How to act right
Published Mar 23rd 2011
Looking and behaving right on the water matters. Act or look the wrong way, and fellow anglers will spot you as a helpless beginner right away. This is the second chapter of two, and it will teach you what to do in order to get some stream cred.
Read this article and learn the secret code of the brotherhood of fly fishers and gain immediate respect and envy from people, who would never before even turn their head in your direction.
Now, you have all the right gear as covered in the previous article. You purchased the proper clothing and all your gear has the right tags, logos and colors.

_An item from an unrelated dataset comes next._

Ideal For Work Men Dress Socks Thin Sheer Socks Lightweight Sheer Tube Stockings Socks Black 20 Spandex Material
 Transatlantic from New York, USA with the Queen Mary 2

But using all this fancy equipment in the wrong way can lead to total disaster. Not only will you risk being judged as an amateur, but even worse: you might be judged as being a yuppie angler: one who can afford the fanciest gear, but who can neither talk the talk nor walk the walk. Oh, the embarrassment!
So before you venture off to the water to fish (or at least flash your gear), you need to learn the right way and sequence of preparing for the fishing.
There are two basic parts:
- getting clothed
- gearing up
I'll start with the rod, reel and line, because the little details in that pantomime will really separate the pros from the amateurs, and not only will fellow anglers immediately see that you have things under control, but most of the steps actually make good sense and are there for a reason.
You might think that something as trivial as getting the rod out of its tube and sock is something you just, do, but no. There are ways.
Unscrew the lid of your rod tube. Expensive rods come in aluminum tubes that have lids, which screw on and off, so of course yours is like that. Get out the rod in its bag and screw the lid back on and store the tube in the trunk.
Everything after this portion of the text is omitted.